O direito aos cuidados paliativos

Tempo de Leitura: 4 minutos

A oferta de cuidados paliativos pelo SUS passou a ter previsibilidade legal em 2018 pelo Ministério da Saúde, todavia, muitos estados ainda se negam a ofertar aos seus ou a receber cuidados paliativos por desconhecimento, por crenças em questões equivocadas.


A Constituição Federal Brasileira prevê, dentre os fundamentos da República Federativa do Brasil, a dignidade da pessoa humana (artigo 1º, inciso III), razão pela qual, quando pensamos em vida e em saúde, devemos refletir sobre as suas implicâncias e sermos conhecedores de como o ordenamento jurídico vigente nos ampara a fim de que este fundamento seja uma realidade, até o final de nossos dias.

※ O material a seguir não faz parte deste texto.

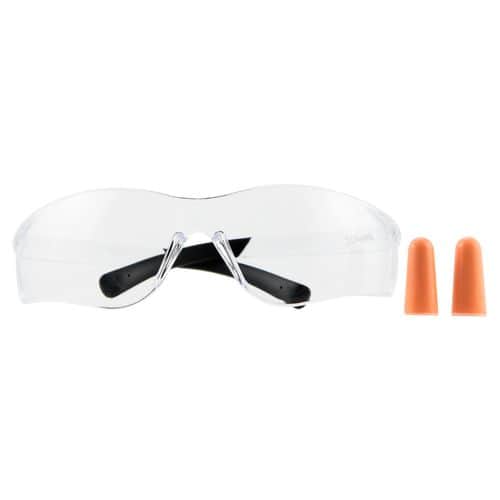 Pyramex PYS2510SDP Zteck ComboClear Polycarbonate Clear 1 Pair Glasses/1 Ear plugs Pyramex PYS2510SDP Zteck ComboClear Polycarbonate Clear 1 Pair Glasses/1 Ear plugs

Referido diploma normativo prevê a saúde como direito social (artigo 6º), que é previsto como uma garantia a todos e um dever do Estado (artigo 196), a ser assegurado por meio de uma política pública gratuita e universal, ou seja, mediante o que prevê a Lei Federal 8080/90, que dispõe sobre as condições para a promoção, a proteção e a recuperação da saúde, a organização e o funcionamento dos serviços, por intermédio do Sistema Único de Saúde (SUS).

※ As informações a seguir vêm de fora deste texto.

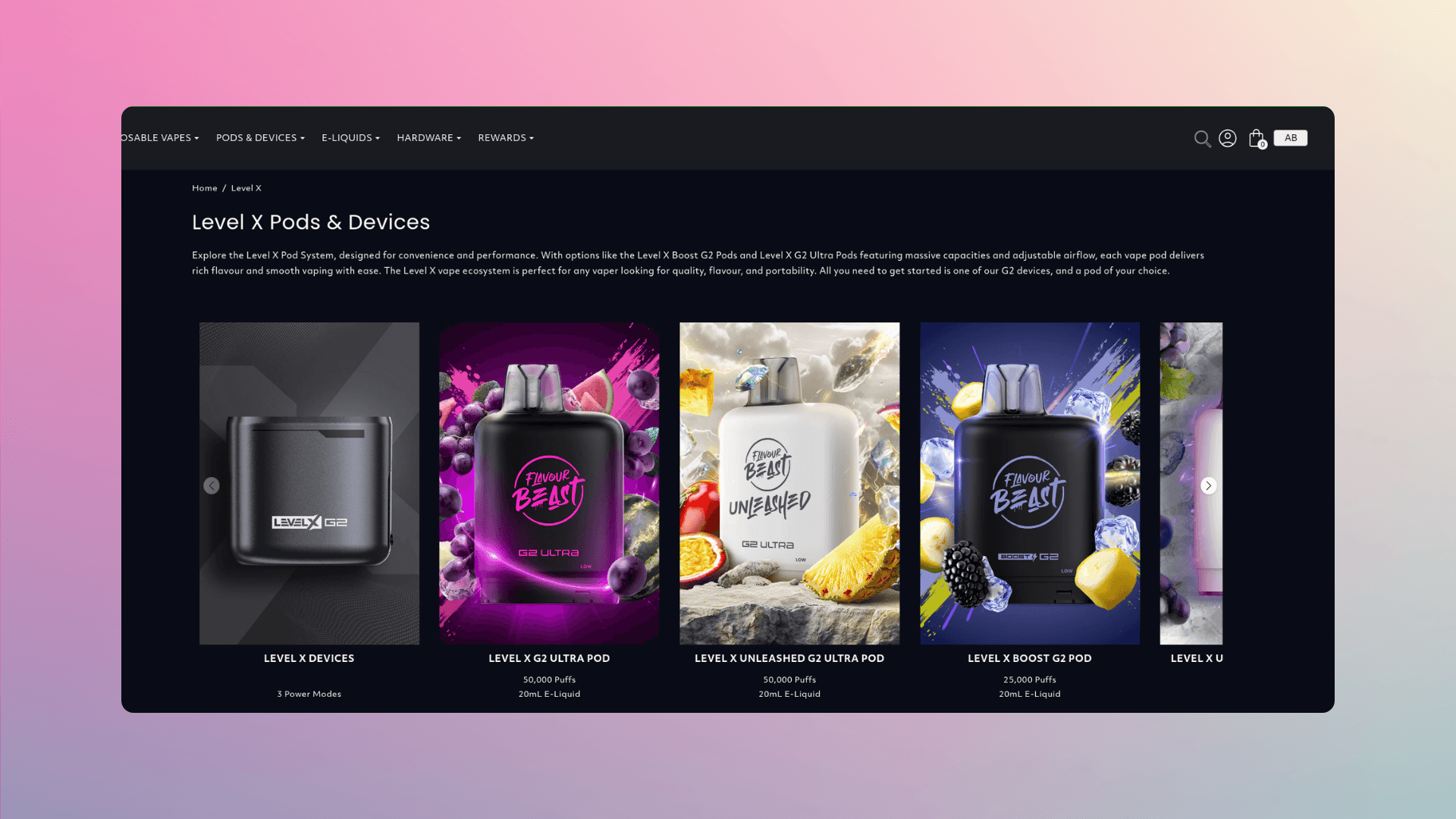 Modern direct-to-consumer store designed to support sales, usability, and long-term expansion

Sabedores disso, pensemos em quantas vezes na vida podemos estar em situações que impactam em nossa saúde, nos levando a sentir dores, no sentido mais amplo da palavra, haja vista que elas podem ser físicas, psicológicas, sociais ou espirituais, a depender do que for vivenciado diante de cada realidade de pessoas acometidas por doenças crônicas, graves e irreversíveis.

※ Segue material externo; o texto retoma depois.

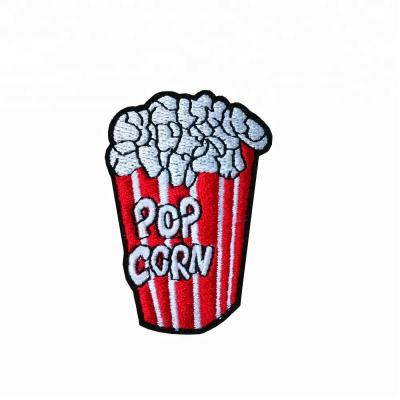 China Viable Classic Fashion DIY Pop Corn Embroidery Sticker Patch for sale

Os doentes nestas condições precisam, a fim de ter salvaguardada sua dignidade enquanto pessoa humana, receber toda a proteção necessária, a fim de que tenham amenizados suas dores e seus sofrimentos, independentemente de quais sejam, se valendo dos cuidados paliativos.

Cuidados paliativos são definidos pela Organização Mundial da Saúde (OMS) como a “assistência promovida por uma equipe multidisciplinar, que objetiva a melhoria da qualidade de vida do paciente e seus familiares, diante de uma doença que ameace a vida, por meio da prevenção e alívio do sofrimento, por meio de identificação precoce, avaliação impecável e tratamento de dor e demais sintomas físicos, sociais, psicológicos e espirituais”.

Ao contrário do que muitos pensam, cuidados paliativos não são sinônimos de abandono terapêutico, ou seja, não se trata de uma situação na qual exista um doente sem qualquer possibilidade de cura e que por esta razão deve ser deixado à mercê da própria sorte, esperando a chegada da finitude com dores que lhe causem sofrimentos até o fim de seus dias.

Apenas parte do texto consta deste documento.